PROBLEM:
Retype the records that follow, every line exactly as written.
---
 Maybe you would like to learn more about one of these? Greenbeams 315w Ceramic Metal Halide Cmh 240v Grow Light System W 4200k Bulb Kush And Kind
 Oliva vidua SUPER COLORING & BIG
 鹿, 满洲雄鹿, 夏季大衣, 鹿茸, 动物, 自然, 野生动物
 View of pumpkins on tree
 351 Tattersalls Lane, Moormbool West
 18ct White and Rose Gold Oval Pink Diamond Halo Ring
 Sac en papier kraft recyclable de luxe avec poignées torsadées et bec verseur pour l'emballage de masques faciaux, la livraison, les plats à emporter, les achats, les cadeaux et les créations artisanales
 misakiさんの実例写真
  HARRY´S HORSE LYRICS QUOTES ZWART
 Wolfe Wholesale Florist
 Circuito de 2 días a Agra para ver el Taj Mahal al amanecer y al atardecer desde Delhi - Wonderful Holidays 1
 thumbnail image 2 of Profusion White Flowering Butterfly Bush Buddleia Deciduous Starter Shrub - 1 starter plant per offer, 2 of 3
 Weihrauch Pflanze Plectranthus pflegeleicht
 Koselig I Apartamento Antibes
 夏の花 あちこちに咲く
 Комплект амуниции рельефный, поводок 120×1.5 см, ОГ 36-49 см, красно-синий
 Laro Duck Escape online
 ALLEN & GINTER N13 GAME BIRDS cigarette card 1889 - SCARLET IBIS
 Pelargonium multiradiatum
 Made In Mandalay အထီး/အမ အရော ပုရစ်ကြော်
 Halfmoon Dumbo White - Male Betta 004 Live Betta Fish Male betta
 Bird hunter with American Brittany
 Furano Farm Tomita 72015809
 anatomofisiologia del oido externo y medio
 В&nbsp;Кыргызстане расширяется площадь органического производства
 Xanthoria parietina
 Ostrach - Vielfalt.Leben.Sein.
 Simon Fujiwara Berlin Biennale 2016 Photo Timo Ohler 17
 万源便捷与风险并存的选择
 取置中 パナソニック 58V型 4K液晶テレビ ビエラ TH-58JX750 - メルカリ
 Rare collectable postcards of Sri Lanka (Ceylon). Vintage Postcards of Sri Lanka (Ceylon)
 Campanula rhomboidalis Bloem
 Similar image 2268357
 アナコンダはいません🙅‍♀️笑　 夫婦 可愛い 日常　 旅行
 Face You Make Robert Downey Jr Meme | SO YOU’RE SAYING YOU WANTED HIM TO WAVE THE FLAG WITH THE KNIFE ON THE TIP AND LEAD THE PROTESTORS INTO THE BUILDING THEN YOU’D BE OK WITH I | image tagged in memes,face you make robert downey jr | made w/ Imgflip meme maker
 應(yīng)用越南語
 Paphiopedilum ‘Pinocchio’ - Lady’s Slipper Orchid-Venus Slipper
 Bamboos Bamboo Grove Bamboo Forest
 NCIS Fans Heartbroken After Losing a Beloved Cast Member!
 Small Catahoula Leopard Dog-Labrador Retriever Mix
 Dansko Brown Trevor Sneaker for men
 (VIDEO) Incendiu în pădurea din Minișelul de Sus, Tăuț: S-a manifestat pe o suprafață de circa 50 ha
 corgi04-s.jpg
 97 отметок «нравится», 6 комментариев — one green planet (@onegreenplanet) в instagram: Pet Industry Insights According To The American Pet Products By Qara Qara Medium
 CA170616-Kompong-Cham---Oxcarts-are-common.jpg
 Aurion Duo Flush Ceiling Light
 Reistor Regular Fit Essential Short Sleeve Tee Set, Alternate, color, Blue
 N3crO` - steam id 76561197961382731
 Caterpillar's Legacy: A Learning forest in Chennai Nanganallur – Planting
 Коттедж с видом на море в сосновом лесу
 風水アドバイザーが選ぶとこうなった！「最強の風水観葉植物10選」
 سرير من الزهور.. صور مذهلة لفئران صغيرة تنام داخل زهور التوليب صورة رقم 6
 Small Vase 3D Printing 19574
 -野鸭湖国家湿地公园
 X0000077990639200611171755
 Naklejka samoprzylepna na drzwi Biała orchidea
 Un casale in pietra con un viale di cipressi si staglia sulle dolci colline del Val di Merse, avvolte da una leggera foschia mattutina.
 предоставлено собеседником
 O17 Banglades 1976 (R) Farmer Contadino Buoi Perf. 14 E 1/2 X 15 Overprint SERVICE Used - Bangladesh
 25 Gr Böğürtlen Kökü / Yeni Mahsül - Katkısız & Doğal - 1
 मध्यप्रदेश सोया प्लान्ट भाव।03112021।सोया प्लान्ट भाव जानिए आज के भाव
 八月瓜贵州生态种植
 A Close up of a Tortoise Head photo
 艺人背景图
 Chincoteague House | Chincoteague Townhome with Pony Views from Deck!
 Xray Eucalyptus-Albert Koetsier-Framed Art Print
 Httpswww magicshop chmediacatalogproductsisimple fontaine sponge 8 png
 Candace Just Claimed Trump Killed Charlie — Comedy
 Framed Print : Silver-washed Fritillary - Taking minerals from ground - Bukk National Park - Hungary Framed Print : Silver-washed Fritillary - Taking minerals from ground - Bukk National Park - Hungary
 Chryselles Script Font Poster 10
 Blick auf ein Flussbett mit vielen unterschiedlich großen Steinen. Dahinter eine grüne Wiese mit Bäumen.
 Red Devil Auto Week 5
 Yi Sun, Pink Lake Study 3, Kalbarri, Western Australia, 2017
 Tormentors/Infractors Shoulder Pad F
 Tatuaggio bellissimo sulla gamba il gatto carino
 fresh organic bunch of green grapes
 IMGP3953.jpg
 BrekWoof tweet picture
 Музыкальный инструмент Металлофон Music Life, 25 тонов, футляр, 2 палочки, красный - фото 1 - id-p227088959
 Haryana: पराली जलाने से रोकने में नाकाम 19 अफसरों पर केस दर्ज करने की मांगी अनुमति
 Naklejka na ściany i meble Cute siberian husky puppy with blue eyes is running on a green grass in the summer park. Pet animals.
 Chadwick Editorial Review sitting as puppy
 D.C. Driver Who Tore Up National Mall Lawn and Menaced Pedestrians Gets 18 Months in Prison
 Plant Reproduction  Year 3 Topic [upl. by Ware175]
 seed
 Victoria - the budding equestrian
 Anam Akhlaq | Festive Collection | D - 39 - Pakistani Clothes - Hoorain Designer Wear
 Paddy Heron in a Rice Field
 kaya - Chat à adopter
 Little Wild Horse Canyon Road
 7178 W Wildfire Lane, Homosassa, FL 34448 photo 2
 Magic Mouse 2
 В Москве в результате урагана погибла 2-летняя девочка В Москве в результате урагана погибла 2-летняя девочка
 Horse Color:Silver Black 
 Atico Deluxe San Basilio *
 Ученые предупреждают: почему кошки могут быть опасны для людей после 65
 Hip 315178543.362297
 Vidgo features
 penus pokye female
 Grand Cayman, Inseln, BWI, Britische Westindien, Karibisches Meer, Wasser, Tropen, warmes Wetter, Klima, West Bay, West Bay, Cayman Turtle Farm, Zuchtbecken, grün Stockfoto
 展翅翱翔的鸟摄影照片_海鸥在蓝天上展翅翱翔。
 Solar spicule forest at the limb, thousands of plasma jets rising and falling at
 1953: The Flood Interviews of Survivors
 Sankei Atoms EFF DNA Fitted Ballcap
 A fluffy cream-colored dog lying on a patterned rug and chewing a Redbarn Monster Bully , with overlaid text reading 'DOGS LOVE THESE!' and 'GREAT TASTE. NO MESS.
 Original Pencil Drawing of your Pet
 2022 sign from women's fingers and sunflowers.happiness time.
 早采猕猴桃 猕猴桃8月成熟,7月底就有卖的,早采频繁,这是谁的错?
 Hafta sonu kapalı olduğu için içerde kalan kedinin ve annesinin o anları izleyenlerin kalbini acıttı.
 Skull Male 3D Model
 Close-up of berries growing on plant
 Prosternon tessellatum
---
TASK ANSWER:
 Maybe you would like to learn more about one of these? Greenbeams 315w Ceramic Metal Halide Cmh 240v Grow Light System W 4200k Bulb Kush And Kind
 Oliva vidua SUPER COLORING & BIG
 鹿, 满洲雄鹿, 夏季大衣, 鹿茸, 动物, 自然, 野生动物
 View of pumpkins on tree
 351 Tattersalls Lane, Moormbool West
 18ct White and Rose Gold Oval Pink Diamond Halo Ring
 Sac en papier kraft recyclable de luxe avec poignées torsadées et bec verseur pour l'emballage de masques faciaux, la livraison, les plats à emporter, les achats, les cadeaux et les créations artisanales
 misakiさんの実例写真
  HARRY´S HORSE LYRICS QUOTES ZWART
 Wolfe Wholesale Florist
 Circuito de 2 días a Agra para ver el Taj Mahal al amanecer y al atardecer desde Delhi - Wonderful Holidays 1
 thumbnail image 2 of Profusion White Flowering Butterfly Bush Buddleia Deciduous Starter Shrub - 1 starter plant per offer, 2 of 3
 Weihrauch Pflanze Plectranthus pflegeleicht
 Koselig I Apartamento Antibes
 夏の花 あちこちに咲く
 Комплект амуниции рельефный, поводок 120×1.5 см, ОГ 36-49 см, красно-синий
 Laro Duck Escape online
 ALLEN & GINTER N13 GAME BIRDS cigarette card 1889 - SCARLET IBIS
 Pelargonium multiradiatum
 Made In Mandalay အထီး/အမ အရော ပုရစ်ကြော်
 Halfmoon Dumbo White - Male Betta 004 Live Betta Fish Male betta
 Bird hunter with American Brittany
 Furano Farm Tomita 72015809
 anatomofisiologia del oido externo y medio
 В&nbsp;Кыргызстане расширяется площадь органического производства
 Xanthoria parietina
 Ostrach - Vielfalt.Leben.Sein.
 Simon Fujiwara Berlin Biennale 2016 Photo Timo Ohler 17
 万源便捷与风险并存的选择
 取置中 パナソニック 58V型 4K液晶テレビ ビエラ TH-58JX750 - メルカリ
 Rare collectable postcards of Sri Lanka (Ceylon). Vintage Postcards of Sri Lanka (Ceylon)
 Campanula rhomboidalis Bloem
 Similar image 2268357
 アナコンダはいません🙅‍♀️笑　 夫婦 可愛い 日常　 旅行
 Face You Make Robert Downey Jr Meme | SO YOU’RE SAYING YOU WANTED HIM TO WAVE THE FLAG WITH THE KNIFE ON THE TIP AND LEAD THE PROTESTORS INTO THE BUILDING THEN YOU’D BE OK WITH I | image tagged in memes,face you make robert downey jr | made w/ Imgflip meme maker
 應(yīng)用越南語
 Paphiopedilum ‘Pinocchio’ - Lady’s Slipper Orchid-Venus Slipper
 Bamboos Bamboo Grove Bamboo Forest
 NCIS Fans Heartbroken After Losing a Beloved Cast Member!
 Small Catahoula Leopard Dog-Labrador Retriever Mix
 Dansko Brown Trevor Sneaker for men
 (VIDEO) Incendiu în pădurea din Minișelul de Sus, Tăuț: S-a manifestat pe o suprafață de circa 50 ha
 corgi04-s.jpg
 97 отметок «нравится», 6 комментариев — one green planet (@onegreenplanet) в instagram: Pet Industry Insights According To The American Pet Products By Qara Qara Medium
 CA170616-Kompong-Cham---Oxcarts-are-common.jpg
 Aurion Duo Flush Ceiling Light
 Reistor Regular Fit Essential Short Sleeve Tee Set, Alternate, color, Blue
 N3crO` - steam id 76561197961382731
 Caterpillar's Legacy: A Learning forest in Chennai Nanganallur – Planting
 Коттедж с видом на море в сосновом лесу
 風水アドバイザーが選ぶとこうなった！「最強の風水観葉植物10選」
 سرير من الزهور.. صور مذهلة لفئران صغيرة تنام داخل زهور التوليب صورة رقم 6
 Small Vase 3D Printing 19574
 -野鸭湖国家湿地公园
 X0000077990639200611171755
 Naklejka samoprzylepna na drzwi Biała orchidea
 Un casale in pietra con un viale di cipressi si staglia sulle dolci colline del Val di Merse, avvolte da una leggera foschia mattutina.
 предоставлено собеседником
 O17 Banglades 1976 (R) Farmer Contadino Buoi Perf. 14 E 1/2 X 15 Overprint SERVICE Used - Bangladesh
 25 Gr Böğürtlen Kökü / Yeni Mahsül - Katkısız & Doğal - 1
 मध्यप्रदेश सोया प्लान्ट भाव।03112021।सोया प्लान्ट भाव जानिए आज के भाव
 八月瓜贵州生态种植
 A Close up of a Tortoise Head photo
 艺人背景图
 Chincoteague House | Chincoteague Townhome with Pony Views from Deck!
 Xray Eucalyptus-Albert Koetsier-Framed Art Print
 Httpswww magicshop chmediacatalogproductsisimple fontaine sponge 8 png
 Candace Just Claimed Trump Killed Charlie — Comedy
 Framed Print : Silver-washed Fritillary - Taking minerals from ground - Bukk National Park - Hungary Framed Print : Silver-washed Fritillary - Taking minerals from ground - Bukk National Park - Hungary
 Chryselles Script Font Poster 10
 Blick auf ein Flussbett mit vielen unterschiedlich großen Steinen. Dahinter eine grüne Wiese mit Bäumen.
 Red Devil Auto Week 5
 Yi Sun, Pink Lake Study 3, Kalbarri, Western Australia, 2017
 Tormentors/Infractors Shoulder Pad F
 Tatuaggio bellissimo sulla gamba il gatto carino
 fresh organic bunch of green grapes
 IMGP3953.jpg
 BrekWoof tweet picture
 Музыкальный инструмент Металлофон Music Life, 25 тонов, футляр, 2 палочки, красный - фото 1 - id-p227088959
 Haryana: पराली जलाने से रोकने में नाकाम 19 अफसरों पर केस दर्ज करने की मांगी अनुमति
 Naklejka na ściany i meble Cute siberian husky puppy with blue eyes is running on a green grass in the summer park. Pet animals.
 Chadwick Editorial Review sitting as puppy
 D.C. Driver Who Tore Up National Mall Lawn and Menaced Pedestrians Gets 18 Months in Prison
 Plant Reproduction  Year 3 Topic [upl. by Ware175]
 seed
 Victoria - the budding equestrian
 Anam Akhlaq | Festive Collection | D - 39 - Pakistani Clothes - Hoorain Designer Wear
 Paddy Heron in a Rice Field
 kaya - Chat à adopter
 Little Wild Horse Canyon Road
 7178 W Wildfire Lane, Homosassa, FL 34448 photo 2
 Magic Mouse 2
 В Москве в результате урагана погибла 2-летняя девочка В Москве в результате урагана погибла 2-летняя девочка
 Horse Color:Silver Black 
 Atico Deluxe San Basilio *
 Ученые предупреждают: почему кошки могут быть опасны для людей после 65
 Hip 315178543.362297
 Vidgo features
 penus pokye female
 Grand Cayman, Inseln, BWI, Britische Westindien, Karibisches Meer, Wasser, Tropen, warmes Wetter, Klima, West Bay, West Bay, Cayman Turtle Farm, Zuchtbecken, grün Stockfoto
 展翅翱翔的鸟摄影照片_海鸥在蓝天上展翅翱翔。
 Solar spicule forest at the limb, thousands of plasma jets rising and falling at
 1953: The Flood Interviews of Survivors
 Sankei Atoms EFF DNA Fitted Ballcap
 A fluffy cream-colored dog lying on a patterned rug and chewing a Redbarn Monster Bully , with overlaid text reading 'DOGS LOVE THESE!' and 'GREAT TASTE. NO MESS.
 Original Pencil Drawing of your Pet
 2022 sign from women's fingers and sunflowers.happiness time.
 早采猕猴桃 猕猴桃8月成熟,7月底就有卖的,早采频繁,这是谁的错?
 Hafta sonu kapalı olduğu için içerde kalan kedinin ve annesinin o anları izleyenlerin kalbini acıttı.
 Skull Male 3D Model
 Close-up of berries growing on plant
 Prosternon tessellatum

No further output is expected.